We all remember the lives and years and treasure it took to subdue even the Sioux of the Northwest. Ask Crook and Miles and also poor Custer—soldiers all, equipped to a king’s taste and backed by the best army of Indian fighters the world ever saw—except one, and that one the smaller army that Jackson had to subdue in a twelve months the most powerful federation of the most intelligent Indians living.
Jackson marched into their territory October, 1813. By April, 1814, they were killed or conquered, and those who remained, even their greatest chief, William Weatherford, were his friends and allies.
Old oak near Fort Mims.
The infallible proof of a great general is his ability to turn his conquered foes into friends.
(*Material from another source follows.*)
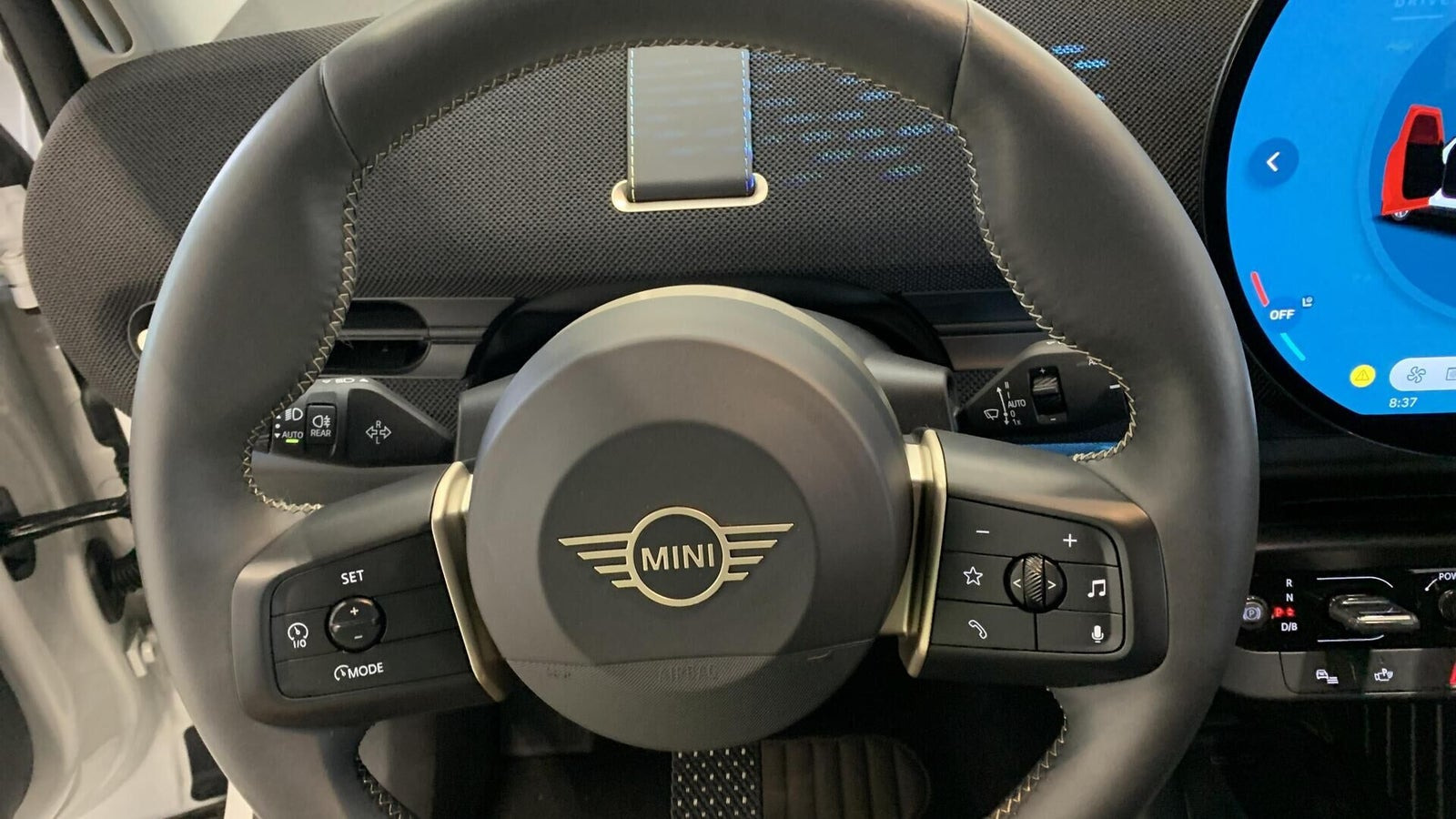 Hvid Mini Aceman E fra 2025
This was Alexander’s, Caesar’s, Jackson’s, and Grant’s decoration. It was lacking in William the Conqueror, in Wellington, Sherman and Sheridan. From Nashville to Fayetteville is eighty miles along the old military road, now as prosperous a farming country as ever an army tramped across. At one o’clock, October 11, a courier dashed into camp from John Coffee, guarding the frontier at the Tennessee river, crying that the Creeks were coming. He started back in five minutes, saying that Jackson was coming instantly. Instantly was always the better part of his religion. He acted instantly at New Orleans, and it was all that saved him. And no general, by the record, who ever lived before or since, save perhaps Stonewall Jackson, would have done it. Incredulous as it seems, by eight o’clock that same night these 2,500 Tennesseeans, with their sick and wounded general, had marched, footing it, thirty-two miles to Huntsville. Thirty-two miles in less than seven hours!
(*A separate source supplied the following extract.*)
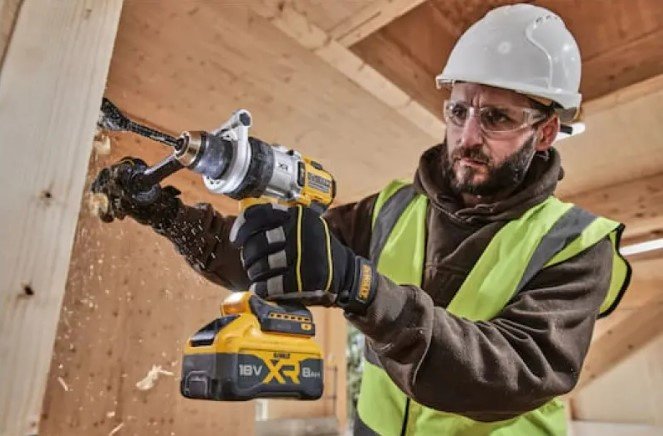 DeWALT дрель-шуруповерт DCD1007WW1T 18 В купить,326050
They crossed the river at Ditto’s Landing, and then began that remarkable war of the civilized against the barbarian, equaled only when Caesar marched into the woods of Germany and fought their great Teutonic hordes from daylight till death.
And the Nervit were not braver than the Creeks under Weatherford, the Red Eagle. Canby was an Indian fighter, tried and resourceful. He fought through the Mexican War, on the plains with Albert Sidney Johnston, through the Civil War, capturing Mobile, and proved to be a hard-fighting and an iron soldier. But the Modocs butchered him.